[WORK ORDER]: Below are lines of data; restate word for word those running from the line containing "Colorful security approval" to the line containing "Gecko IN.YE-5 V3", inclusive, and no others.

[RECORDS TO PROCESS]:
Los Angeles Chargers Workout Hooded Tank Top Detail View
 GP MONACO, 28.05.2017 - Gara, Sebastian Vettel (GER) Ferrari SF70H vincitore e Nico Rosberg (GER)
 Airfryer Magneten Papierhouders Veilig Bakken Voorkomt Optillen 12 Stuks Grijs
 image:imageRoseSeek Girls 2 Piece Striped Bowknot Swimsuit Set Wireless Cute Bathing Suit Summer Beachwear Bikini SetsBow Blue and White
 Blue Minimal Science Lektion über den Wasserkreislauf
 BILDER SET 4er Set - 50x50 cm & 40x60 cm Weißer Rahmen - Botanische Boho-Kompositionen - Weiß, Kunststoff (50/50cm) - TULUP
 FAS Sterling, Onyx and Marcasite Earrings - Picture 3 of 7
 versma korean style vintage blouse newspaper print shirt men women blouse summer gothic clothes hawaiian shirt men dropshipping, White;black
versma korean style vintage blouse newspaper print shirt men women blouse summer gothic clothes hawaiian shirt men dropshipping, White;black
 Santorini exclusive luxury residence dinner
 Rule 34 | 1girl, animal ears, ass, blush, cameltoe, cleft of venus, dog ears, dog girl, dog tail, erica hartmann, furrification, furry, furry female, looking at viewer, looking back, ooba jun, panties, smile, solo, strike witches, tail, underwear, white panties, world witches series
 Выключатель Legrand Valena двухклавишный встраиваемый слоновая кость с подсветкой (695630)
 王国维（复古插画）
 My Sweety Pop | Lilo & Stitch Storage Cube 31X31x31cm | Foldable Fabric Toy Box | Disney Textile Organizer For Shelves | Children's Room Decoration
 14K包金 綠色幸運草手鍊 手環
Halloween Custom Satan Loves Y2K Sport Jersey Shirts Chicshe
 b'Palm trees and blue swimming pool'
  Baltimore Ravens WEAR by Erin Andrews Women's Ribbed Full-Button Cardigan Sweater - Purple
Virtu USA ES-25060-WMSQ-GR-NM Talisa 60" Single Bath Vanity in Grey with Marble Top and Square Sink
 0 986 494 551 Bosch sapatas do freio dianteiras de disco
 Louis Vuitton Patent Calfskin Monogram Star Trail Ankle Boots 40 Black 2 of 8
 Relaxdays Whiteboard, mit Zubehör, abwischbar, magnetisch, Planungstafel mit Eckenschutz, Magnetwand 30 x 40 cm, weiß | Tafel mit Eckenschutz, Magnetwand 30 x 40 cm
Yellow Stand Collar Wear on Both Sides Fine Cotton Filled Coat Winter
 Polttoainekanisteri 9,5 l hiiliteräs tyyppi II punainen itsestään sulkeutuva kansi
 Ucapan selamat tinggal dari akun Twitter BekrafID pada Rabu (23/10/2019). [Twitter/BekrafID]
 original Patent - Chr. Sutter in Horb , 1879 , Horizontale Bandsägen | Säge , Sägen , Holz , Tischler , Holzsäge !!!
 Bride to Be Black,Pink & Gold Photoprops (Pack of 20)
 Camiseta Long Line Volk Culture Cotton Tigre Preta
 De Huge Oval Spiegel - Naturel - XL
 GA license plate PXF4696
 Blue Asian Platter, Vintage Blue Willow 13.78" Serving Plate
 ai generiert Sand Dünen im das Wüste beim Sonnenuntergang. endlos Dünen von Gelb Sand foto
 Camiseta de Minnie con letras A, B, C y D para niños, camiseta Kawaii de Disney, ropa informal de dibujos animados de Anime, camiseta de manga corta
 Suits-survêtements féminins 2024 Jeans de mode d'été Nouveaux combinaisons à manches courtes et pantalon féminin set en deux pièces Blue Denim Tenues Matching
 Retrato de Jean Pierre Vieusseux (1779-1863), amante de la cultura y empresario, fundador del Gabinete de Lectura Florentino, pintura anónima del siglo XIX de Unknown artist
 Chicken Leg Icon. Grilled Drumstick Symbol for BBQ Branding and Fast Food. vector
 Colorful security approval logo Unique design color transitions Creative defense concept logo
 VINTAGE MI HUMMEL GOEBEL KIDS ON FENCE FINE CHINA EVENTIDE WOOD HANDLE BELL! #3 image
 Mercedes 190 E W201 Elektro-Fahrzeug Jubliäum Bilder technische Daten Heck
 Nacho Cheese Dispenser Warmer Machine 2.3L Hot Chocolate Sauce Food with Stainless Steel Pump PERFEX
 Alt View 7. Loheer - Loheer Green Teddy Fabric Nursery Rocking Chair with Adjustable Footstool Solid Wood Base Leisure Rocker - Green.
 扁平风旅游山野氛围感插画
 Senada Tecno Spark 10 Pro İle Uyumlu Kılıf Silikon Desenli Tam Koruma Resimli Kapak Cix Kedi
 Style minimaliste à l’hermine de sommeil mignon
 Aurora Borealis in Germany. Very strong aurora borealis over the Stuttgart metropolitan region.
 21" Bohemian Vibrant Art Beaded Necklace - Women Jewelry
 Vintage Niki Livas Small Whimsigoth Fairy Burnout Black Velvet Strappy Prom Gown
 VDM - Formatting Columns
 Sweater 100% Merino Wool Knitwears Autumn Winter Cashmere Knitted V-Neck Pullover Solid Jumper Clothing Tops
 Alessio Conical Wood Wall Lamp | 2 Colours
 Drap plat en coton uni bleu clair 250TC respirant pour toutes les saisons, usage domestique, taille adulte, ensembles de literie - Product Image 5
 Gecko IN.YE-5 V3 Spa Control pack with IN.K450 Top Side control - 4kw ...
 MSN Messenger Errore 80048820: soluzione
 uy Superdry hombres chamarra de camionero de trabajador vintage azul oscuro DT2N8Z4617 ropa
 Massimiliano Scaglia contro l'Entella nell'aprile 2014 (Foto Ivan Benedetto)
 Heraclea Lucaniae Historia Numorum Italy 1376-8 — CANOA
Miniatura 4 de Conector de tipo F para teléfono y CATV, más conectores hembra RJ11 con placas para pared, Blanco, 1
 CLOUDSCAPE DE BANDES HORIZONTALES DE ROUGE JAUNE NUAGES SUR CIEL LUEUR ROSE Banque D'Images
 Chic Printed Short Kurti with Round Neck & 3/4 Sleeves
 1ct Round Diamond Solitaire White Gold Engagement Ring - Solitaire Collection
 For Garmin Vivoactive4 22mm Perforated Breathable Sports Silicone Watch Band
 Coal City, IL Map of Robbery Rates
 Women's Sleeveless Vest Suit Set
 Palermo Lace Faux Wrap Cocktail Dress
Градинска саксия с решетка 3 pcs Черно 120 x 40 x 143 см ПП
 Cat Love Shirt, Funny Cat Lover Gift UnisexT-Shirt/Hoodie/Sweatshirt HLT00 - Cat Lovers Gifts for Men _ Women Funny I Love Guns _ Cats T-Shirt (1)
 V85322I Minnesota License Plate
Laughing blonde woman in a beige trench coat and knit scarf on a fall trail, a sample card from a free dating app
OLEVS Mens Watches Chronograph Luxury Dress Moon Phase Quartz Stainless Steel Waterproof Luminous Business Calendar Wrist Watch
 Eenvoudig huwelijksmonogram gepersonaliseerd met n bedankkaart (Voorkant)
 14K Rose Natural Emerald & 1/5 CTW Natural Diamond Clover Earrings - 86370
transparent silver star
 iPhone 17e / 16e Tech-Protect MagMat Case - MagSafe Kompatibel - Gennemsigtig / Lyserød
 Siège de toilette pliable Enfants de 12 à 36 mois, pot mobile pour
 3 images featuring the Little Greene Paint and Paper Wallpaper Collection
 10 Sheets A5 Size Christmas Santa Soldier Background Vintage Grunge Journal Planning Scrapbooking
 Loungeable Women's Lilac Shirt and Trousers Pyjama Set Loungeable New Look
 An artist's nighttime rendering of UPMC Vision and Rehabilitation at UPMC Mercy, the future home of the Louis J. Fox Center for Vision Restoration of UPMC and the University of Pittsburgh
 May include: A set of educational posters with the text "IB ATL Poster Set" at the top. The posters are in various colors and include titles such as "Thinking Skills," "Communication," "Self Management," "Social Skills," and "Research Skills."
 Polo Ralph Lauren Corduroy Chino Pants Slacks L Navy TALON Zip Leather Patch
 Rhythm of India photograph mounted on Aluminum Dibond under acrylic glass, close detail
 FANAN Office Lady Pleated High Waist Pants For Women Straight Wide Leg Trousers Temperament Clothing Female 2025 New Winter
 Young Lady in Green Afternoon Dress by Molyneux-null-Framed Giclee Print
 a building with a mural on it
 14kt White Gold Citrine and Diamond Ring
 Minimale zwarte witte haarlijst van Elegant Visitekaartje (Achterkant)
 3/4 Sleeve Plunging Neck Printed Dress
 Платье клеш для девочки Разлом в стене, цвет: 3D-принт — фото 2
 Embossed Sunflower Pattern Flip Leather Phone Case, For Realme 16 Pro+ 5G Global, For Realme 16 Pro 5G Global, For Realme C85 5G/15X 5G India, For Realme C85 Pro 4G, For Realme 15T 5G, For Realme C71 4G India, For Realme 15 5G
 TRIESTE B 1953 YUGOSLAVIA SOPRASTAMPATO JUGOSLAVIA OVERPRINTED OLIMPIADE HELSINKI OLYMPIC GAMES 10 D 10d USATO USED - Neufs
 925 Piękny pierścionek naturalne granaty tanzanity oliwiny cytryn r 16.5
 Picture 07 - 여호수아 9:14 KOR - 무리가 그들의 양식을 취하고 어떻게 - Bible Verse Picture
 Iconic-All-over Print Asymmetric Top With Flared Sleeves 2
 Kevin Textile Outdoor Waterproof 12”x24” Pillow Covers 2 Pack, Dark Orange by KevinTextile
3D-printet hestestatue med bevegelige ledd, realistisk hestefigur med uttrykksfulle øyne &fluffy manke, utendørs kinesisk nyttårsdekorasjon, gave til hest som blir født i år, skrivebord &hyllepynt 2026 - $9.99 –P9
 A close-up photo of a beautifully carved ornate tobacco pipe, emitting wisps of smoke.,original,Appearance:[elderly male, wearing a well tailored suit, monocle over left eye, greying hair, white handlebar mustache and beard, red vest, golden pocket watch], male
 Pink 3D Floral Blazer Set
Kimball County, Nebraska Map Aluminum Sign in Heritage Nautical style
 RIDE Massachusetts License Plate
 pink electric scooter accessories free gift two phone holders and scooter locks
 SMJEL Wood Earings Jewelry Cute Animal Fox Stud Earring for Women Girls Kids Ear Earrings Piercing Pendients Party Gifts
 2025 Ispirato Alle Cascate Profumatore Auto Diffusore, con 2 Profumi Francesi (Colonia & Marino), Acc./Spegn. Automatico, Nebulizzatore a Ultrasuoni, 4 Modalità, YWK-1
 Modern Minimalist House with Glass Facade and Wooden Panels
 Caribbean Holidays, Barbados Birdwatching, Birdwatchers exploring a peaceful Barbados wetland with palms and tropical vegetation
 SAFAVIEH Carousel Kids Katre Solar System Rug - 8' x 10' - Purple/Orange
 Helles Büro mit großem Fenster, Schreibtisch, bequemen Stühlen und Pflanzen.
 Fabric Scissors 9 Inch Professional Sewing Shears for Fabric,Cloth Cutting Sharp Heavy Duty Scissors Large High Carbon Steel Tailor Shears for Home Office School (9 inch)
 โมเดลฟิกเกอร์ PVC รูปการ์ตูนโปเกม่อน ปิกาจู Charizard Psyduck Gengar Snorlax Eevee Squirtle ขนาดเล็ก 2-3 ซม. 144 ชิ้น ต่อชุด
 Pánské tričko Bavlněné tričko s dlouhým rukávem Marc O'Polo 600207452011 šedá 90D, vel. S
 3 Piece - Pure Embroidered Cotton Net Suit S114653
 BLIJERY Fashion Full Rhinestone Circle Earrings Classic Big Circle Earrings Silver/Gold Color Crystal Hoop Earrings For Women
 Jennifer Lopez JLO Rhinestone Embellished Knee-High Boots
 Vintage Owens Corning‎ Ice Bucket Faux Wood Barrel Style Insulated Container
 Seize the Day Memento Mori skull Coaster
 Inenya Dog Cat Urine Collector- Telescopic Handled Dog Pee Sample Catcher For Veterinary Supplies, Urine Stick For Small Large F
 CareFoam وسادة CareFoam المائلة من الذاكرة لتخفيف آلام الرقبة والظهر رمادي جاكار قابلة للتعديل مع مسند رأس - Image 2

[ANSWER TO THIS TASK]:
 Colorful security approval logo Unique design color transitions Creative defense concept logo
 VINTAGE MI HUMMEL GOEBEL KIDS ON FENCE FINE CHINA EVENTIDE WOOD HANDLE BELL! #3 image
 Mercedes 190 E W201 Elektro-Fahrzeug Jubliäum Bilder technische Daten Heck
 Nacho Cheese Dispenser Warmer Machine 2.3L Hot Chocolate Sauce Food with Stainless Steel Pump PERFEX
 Alt View 7. Loheer - Loheer Green Teddy Fabric Nursery Rocking Chair with Adjustable Footstool Solid Wood Base Leisure Rocker - Green.
 扁平风旅游山野氛围感插画
 Senada Tecno Spark 10 Pro İle Uyumlu Kılıf Silikon Desenli Tam Koruma Resimli Kapak Cix Kedi
 Style minimaliste à l’hermine de sommeil mignon
 Aurora Borealis in Germany. Very strong aurora borealis over the Stuttgart metropolitan region.
 21" Bohemian Vibrant Art Beaded Necklace - Women Jewelry
 Vintage Niki Livas Small Whimsigoth Fairy Burnout Black Velvet Strappy Prom Gown
 VDM - Formatting Columns
 Sweater 100% Merino Wool Knitwears Autumn Winter Cashmere Knitted V-Neck Pullover Solid Jumper Clothing Tops
 Alessio Conical Wood Wall Lamp | 2 Colours
 Drap plat en coton uni bleu clair 250TC respirant pour toutes les saisons, usage domestique, taille adulte, ensembles de literie - Product Image 5
 Gecko IN.YE-5 V3 Spa Control pack with IN.K450 Top Side control - 4kw ...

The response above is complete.